Court Requires Transfer Disclosure Statement on Mixed-Used Property Where A Residence Exists

In Richman v. Hartley, a California appellate court recently held that a Transfer Disclosure Statement is needed on a mixed-use property containing both residential and commercial structures. In Richman, defendant Hartley made an offer to purchase the Richmans’ real property in Ventura, California. The property was a single parcel improved with a commercial building and a residential duplex. Richman did not provide Hartley with a Transfer Disclosure Statement. The parties signed a non-standard Purchase and Sale Agreement, but Richman (the seller) was required to provide all appropriate disclosures to Hartley. The Agreement contained an as-is provision. The Agreement also stated that it was not contingent upon any inspections or any other conditions. The buyer failed to close escrow and the seller sued the buyer.
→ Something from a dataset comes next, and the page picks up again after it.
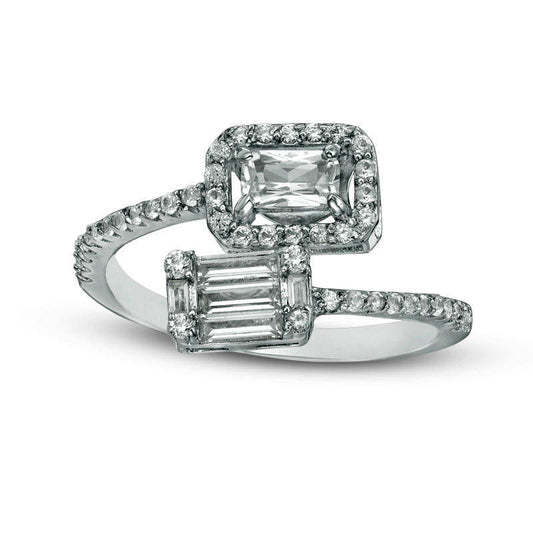 Multi-Shaped Lab-Created White Sapphire Bypass Wrap Ring in Sterling Silver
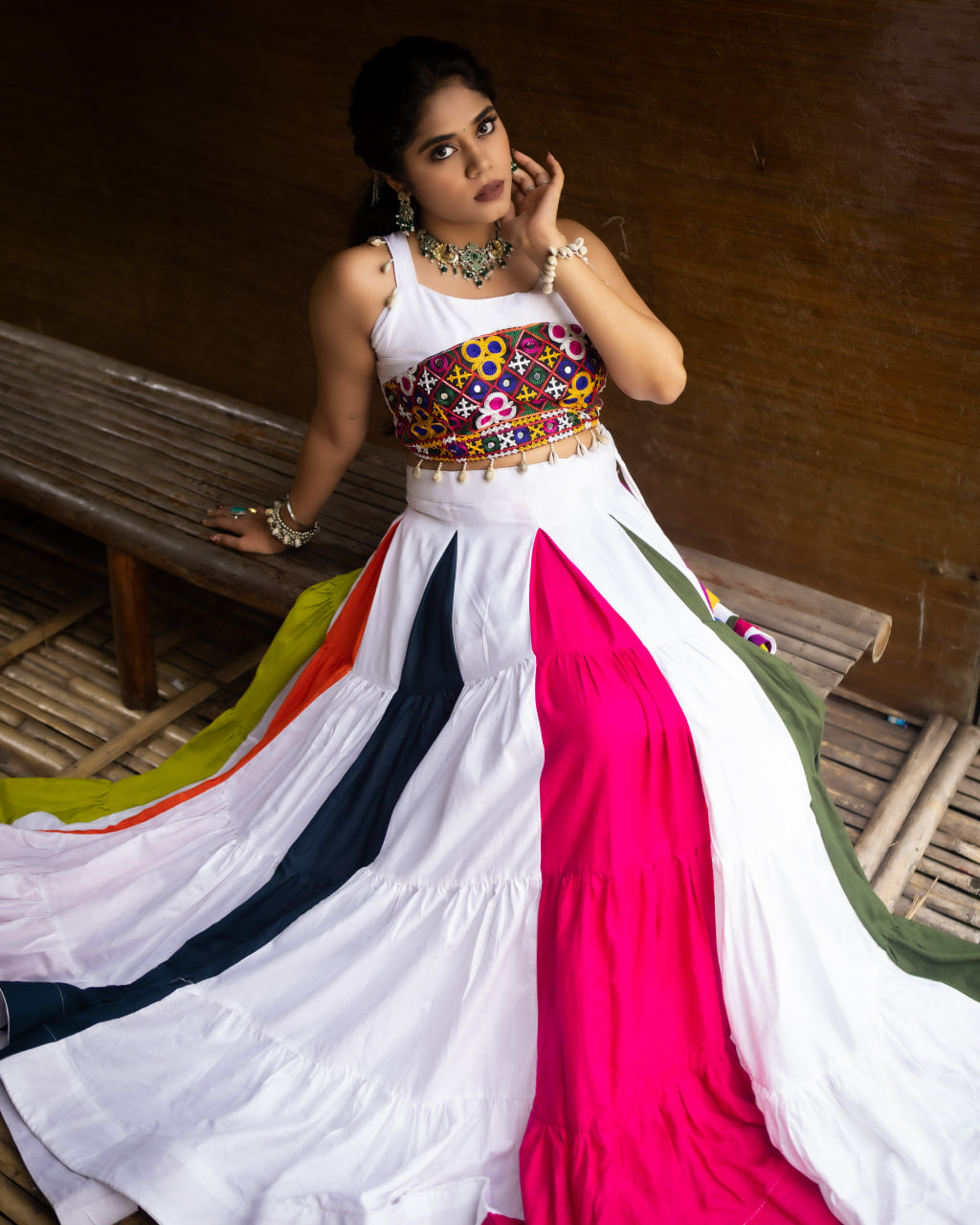 Heavily Embroidered Heart-Bodice Chaniya Choli with Multi-Color Paneled Skirt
The buyer defended the lawsuit by claiming that it was a condition precedent to purchasing the property that he receive a Transfer Disclosure Statement (“TDS”). The seller responded by arguing that a TDS was not required because of the as-is provision and that the property was commercial. The buyer filed a motion for summary judgment asking the court to dismiss the case on the ground that a TDS was required before he was required to close escrow. The trial court found in favor of the buyer. The seller appealed and the appellate court affirmed the judgment.

The appellate court held that the TDS is required on any property containing one to four unit residential structures. Therefore, it is irrelevant that the property had a commercial building. The TDS was required as a residential duplex existed. The court also noted that a TDS may not be waived in an as-is sale.